Tim Berners-Lee shamelessly plugged the World Wide Web Consortium’s efforts to streamline online checkout via standardised APIs. This will enable users to register payment instruments and select the right payment type via the browser, making payments, especially from mobiles, easier to manage.
IBM announced its blockchain solution to clear and settle cross-border payments was gathering speed and said that pilots were underway with the first transactions now flowing,
An impressive list of banks including BBVA, NAB, Toronto Dominion, Sumitomo Mitsui, Mizuho and RCBC Philippines has already signed up.
The potential offered by greater collaboration between fintech start-ups and established banks was arguably the key takeaway of Sibos.
For practical examples of such collaboration, Swift could not have chosen better than McKay to give the opening keynote. He referenced RBC’s work with Wave to integrate invoicing, accounting, and business financial insights technology into RBC’s online banking platform.
In addition, he flagged up RBCs work with Personetics to deliver services that provide AI-powered financial guidance and an automated savings programme via RBC’s mobile app.
As for blockchain, security and compliance were the key themes with another big hitter, Blythe Masters arguing predictably that blockchain offered the potential to minimise the risk of fraud.
Meantime, before by all accounts a gathering of a few hundred, Bernanke told the Ripple event that he believes payments can be slow and expensive and that there was room for improvement.
But no doubt he was good value and well worth his large cheque.
Remote deposit finally hits the UK
Better late than never. As EPI November goes to press, the UK is finally set to introduce a phased roll-out of remote cheque deposit.
And about time too.
The technology works. It is not a novelty. First introduced by USAA Bank in the US in 2009, remote cheque imaging works well in a number of markets including the US and Canada.
I can recall chairing a roundtable on the subject with NCR and Barclays years ago, perhaps as long ago as 2012.
One immediate benefit will be a reduction in cheque clearance times. Instead of the four to six days clearance of old, cheque processing times will be reduced to one working day.
At best, to be realistic, this belated UK banking innovation may do no more than give a brief kiss of life to the cheque for another few years.
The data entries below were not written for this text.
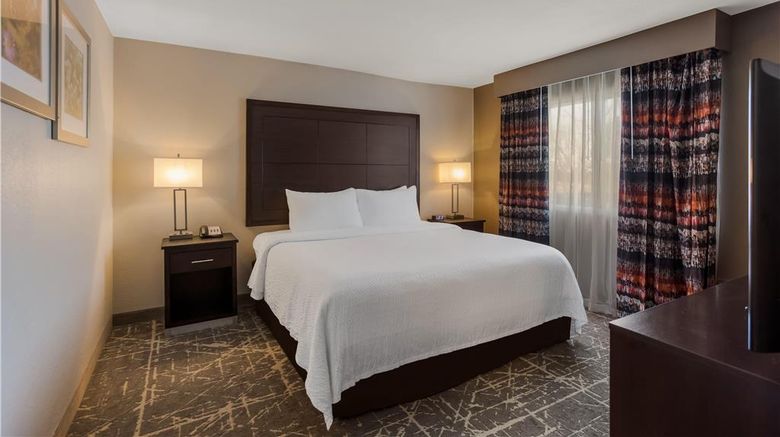 <b>Orangewood Inn & Suites Suite</b>. Images powered by <a href="https://iceportal.shijigroup.com/" title="IcePortal" target="_blank">IcePortal</a>.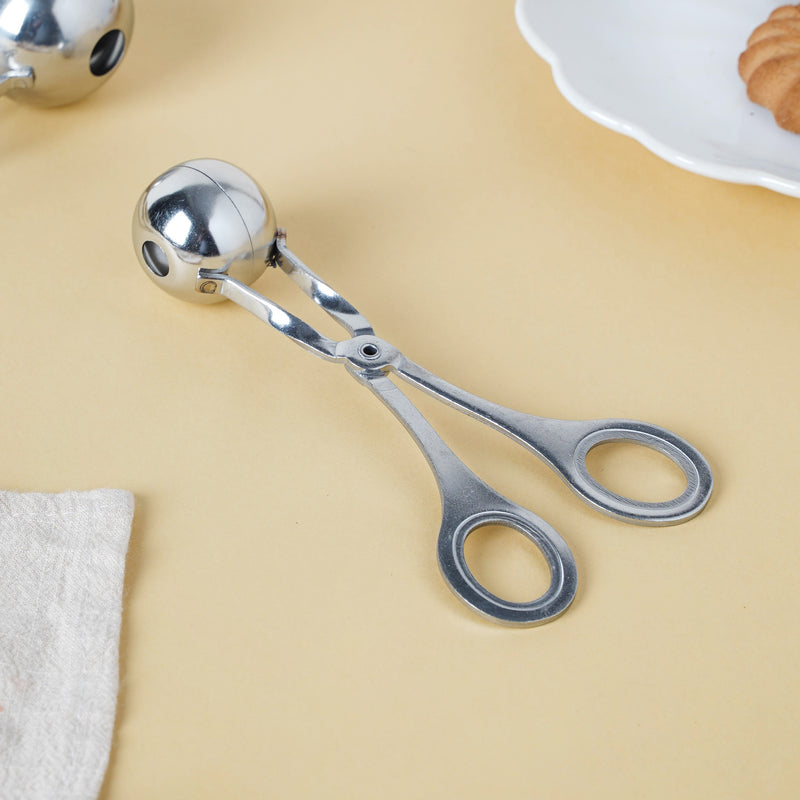 Metal Meatball Maker - Kitchen Tool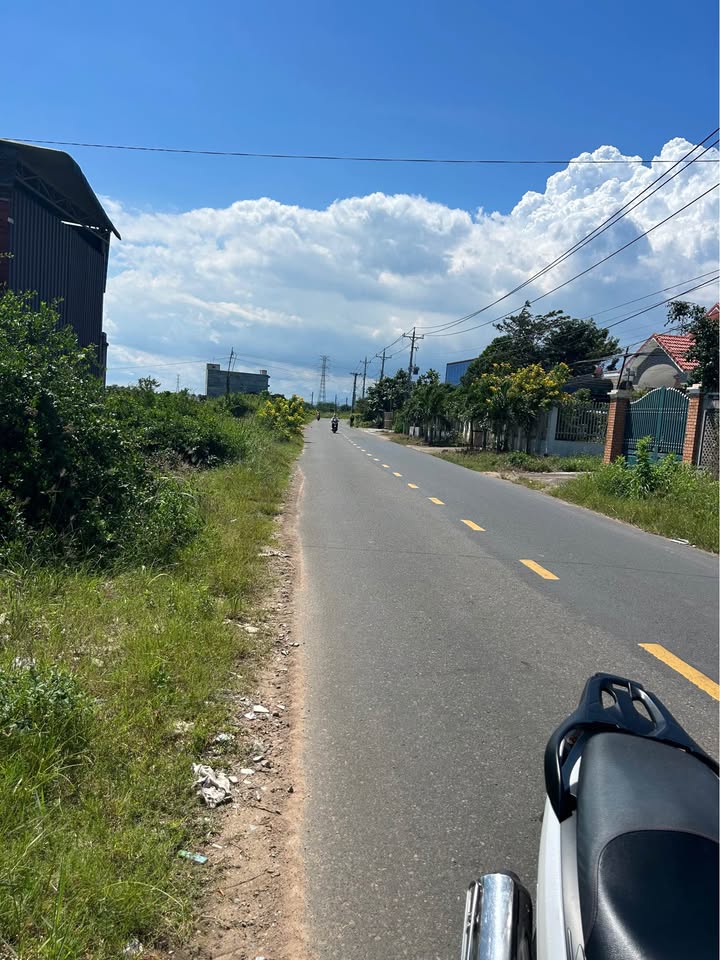 Đất thổ cư mặt nhựa chính Hàm Liêm 131m² giá 1 tỷ - Phù hợp kinh doanh và định cư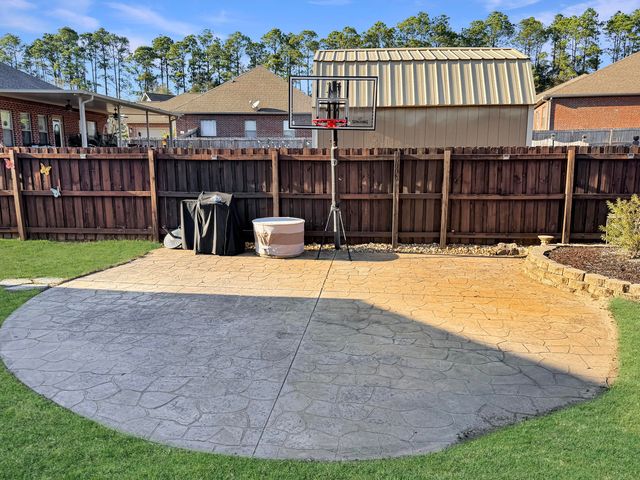 404 Wych Circle, Crestview, FL 32536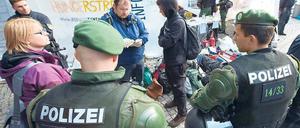 Einsatz. Am Sonntagmorgen um fünf Uhr kam die Polizei und brachte die Hungerstreikenden in Krankenhäuser. Das Zeltlager wurde aufgelöst. Foto: Peter Kneffel/dpa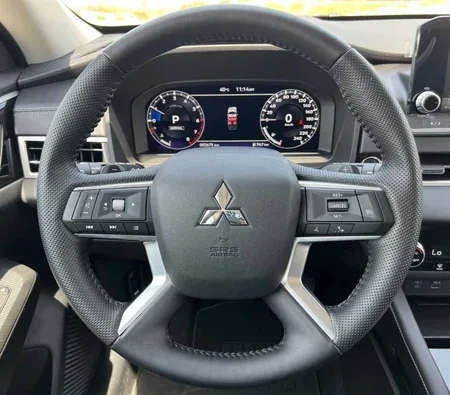 Mitsubishi Outlander 2024 in Abu Dhabi — photo 3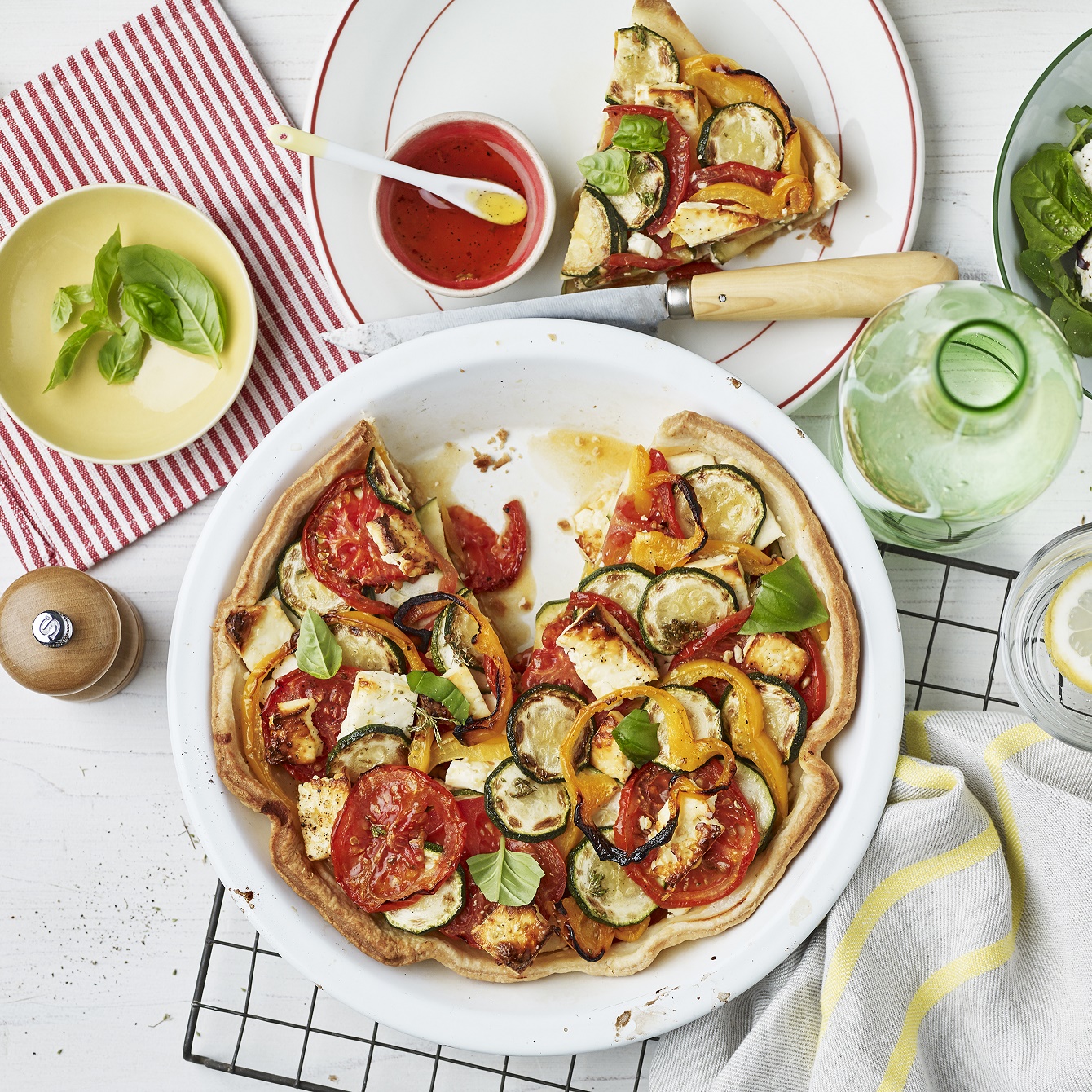 Taart van geroosterde groenten met Apetina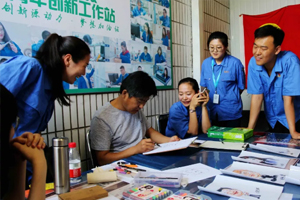 迎六一 北廣科技團委開展以(yǐ)“描繪童趣”爲(wéi / wèi)主題的(de)漫畫速繪活動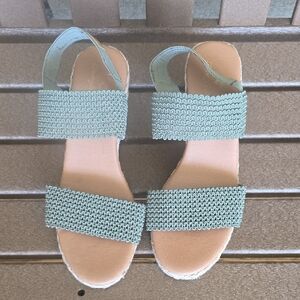 Tommy Bahama Women's Sandals in Light Green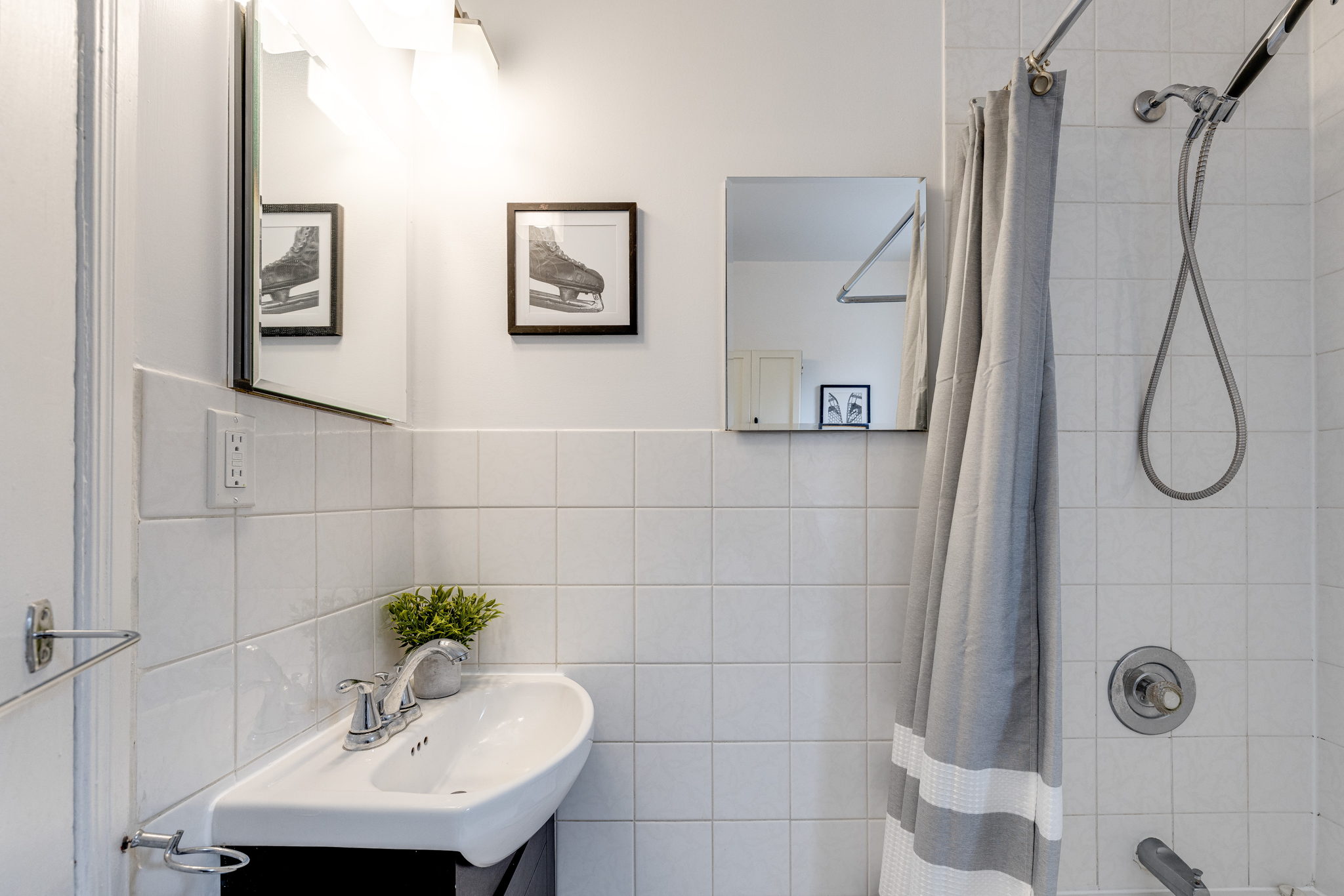 Toronto property showcase — delivered property photograph 26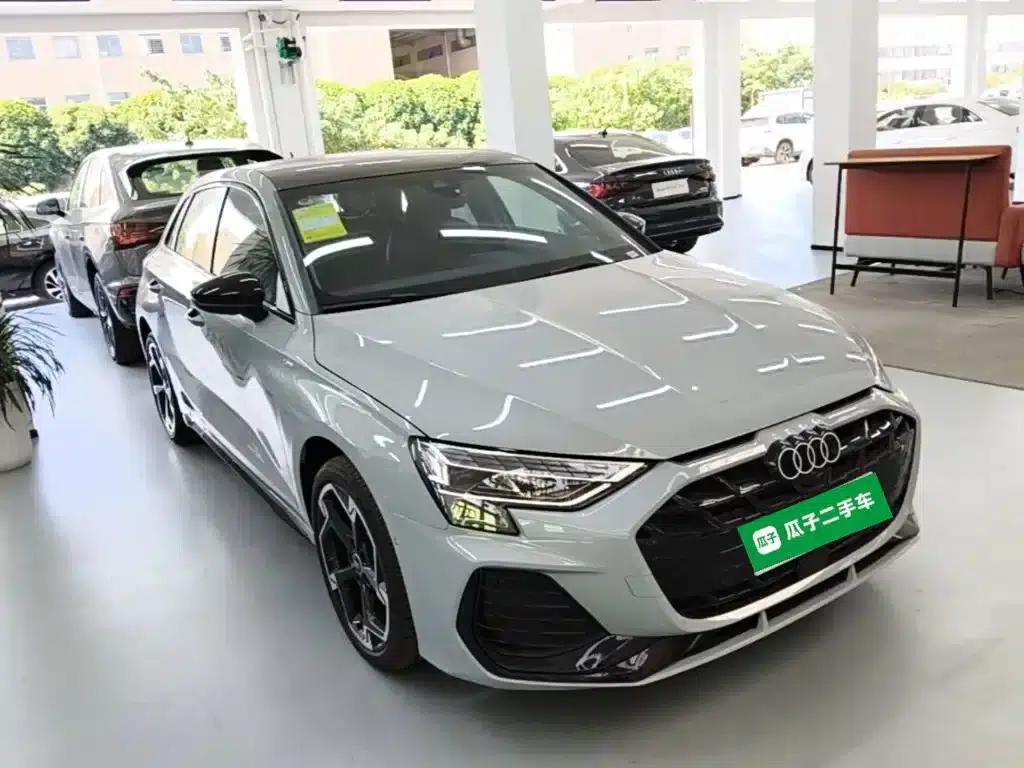 Audi A3 2026 Sportback 35TFSI Flying Spur Luxury Edition + Luxury Package — миниатюра 4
There will however be benefits to the admittedly, diminishing number of customers still writing cheques.
There will be benefits also for banks that remain enthusiastic about shrinking the size of their branch networks. Branch footfall will inevitably fall as customers adopt remote cheque deposit. For banks keen to continue branch rightsizing, there will be added impetus to continue with their branch closure programmes.
Investment in the old-fashioned cheque may also serve to boost mobile banking penetration rates. Once the cheque using segment of the market see how easy it is to use a mobile banking app, expect to see a further rise in m-banking.